Get Your Free Credit Report -- Without the Hassle


January 30, 2007
We all have the legal right to see our credit-score reports for free, but getting them can be complicated.

Teresa Yakes learned the hard way just how complicated it is to get one of those reports. When she was struggling in May to avoid bankruptcy and working with a debt consolidation company, her lawyer told her to get her free credit-score report online. Yakes went to what seemed to her like the obvious place.

Weeks later, Yakes discovered that the site now expected her to pay a fee every month. "I thought, 'screw that,'" Yakes says. "It's supposed to be freecreditreport.com."

To be sure, freecreditreport.com's home page says in a box underneath the blond woman that if you order your free report at the site, you'll also begin a subscription to Triple Advantage Credit Monitoring. That not only gives you those promised "free" reports, but also checks them daily at a fee of $14.95 per month if you don't cancel your membership within a 30-day trial period.

"We do put that information in to make sure the consumer understands," says Kelly Poffenberger, a spokesman for the Dublin credit-reporting agency Experian Group.

Whether they understand what they're getting or not, many consumers are choosing to pay to see their credit scores these days, and agencies are earning gobs of money by selling services that take the concept of monitoring to new heights.

Experian, for example, raked in $450 million in revenue during full-year 2007 from products such as Triple Advantage Credit Monitoring, compared with $100 million five years ago. Meanwhile the company's rival, Equifax made $150 million in 2007, compared with $40 million five years ago, according to Michael Meltz, an analyst at Bear Stearns. "It's a big business," Meltz says.
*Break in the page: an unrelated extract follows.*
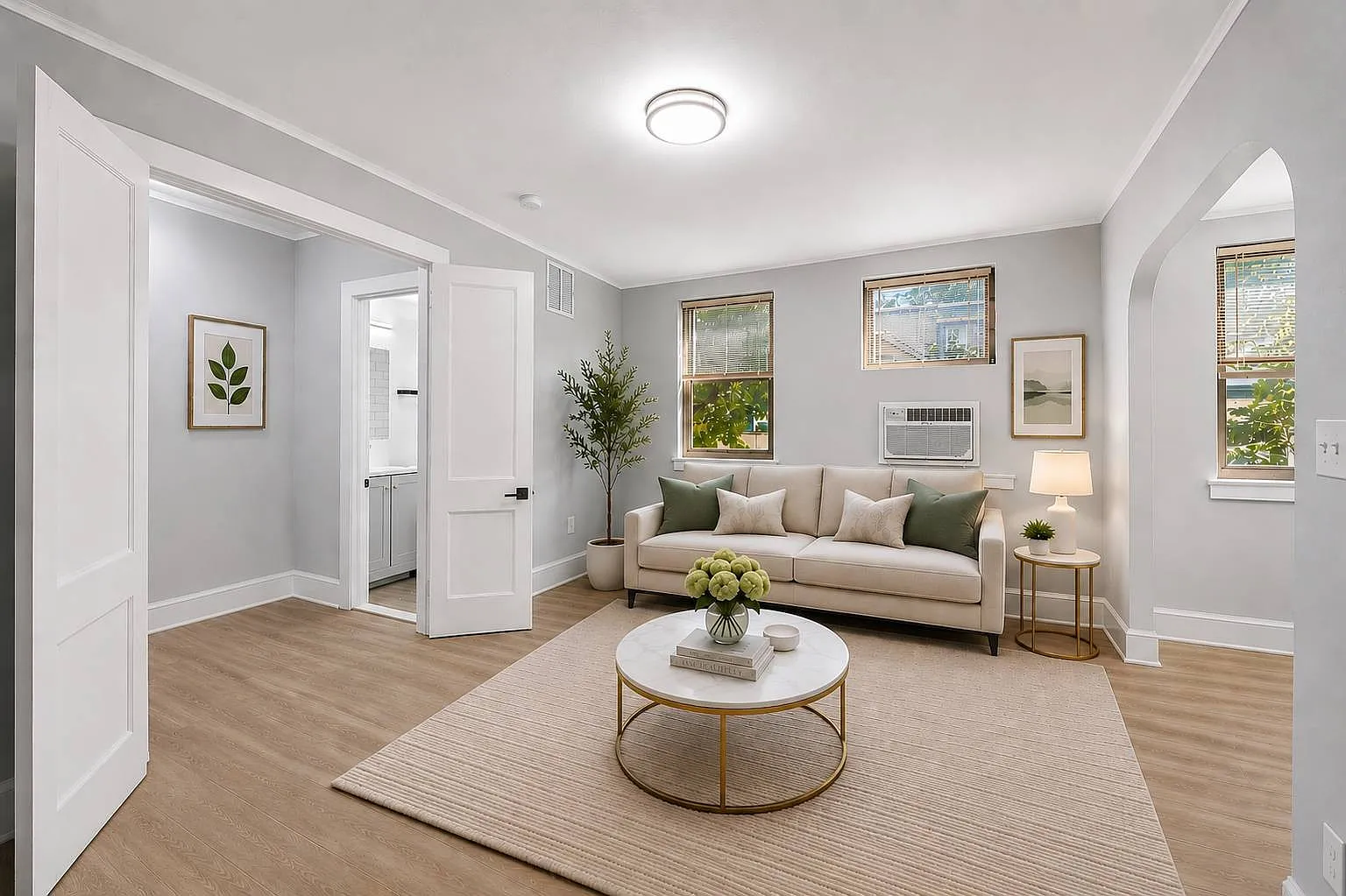 Lennox Apartments — Photo 2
It's happening even though the Fair and Accurate Credit Transactions Act of 2003 requires the agencies to notify consumers of their right to see their credit files for free. Despite that mandate, only 22% of nearly 5,000 people surveyed between March and June 2006 had gotten free credit reports around six months after they became available nationwide, according to the Federal Trade Commission's 2006 Identity Theft Survey Report, which was released in November.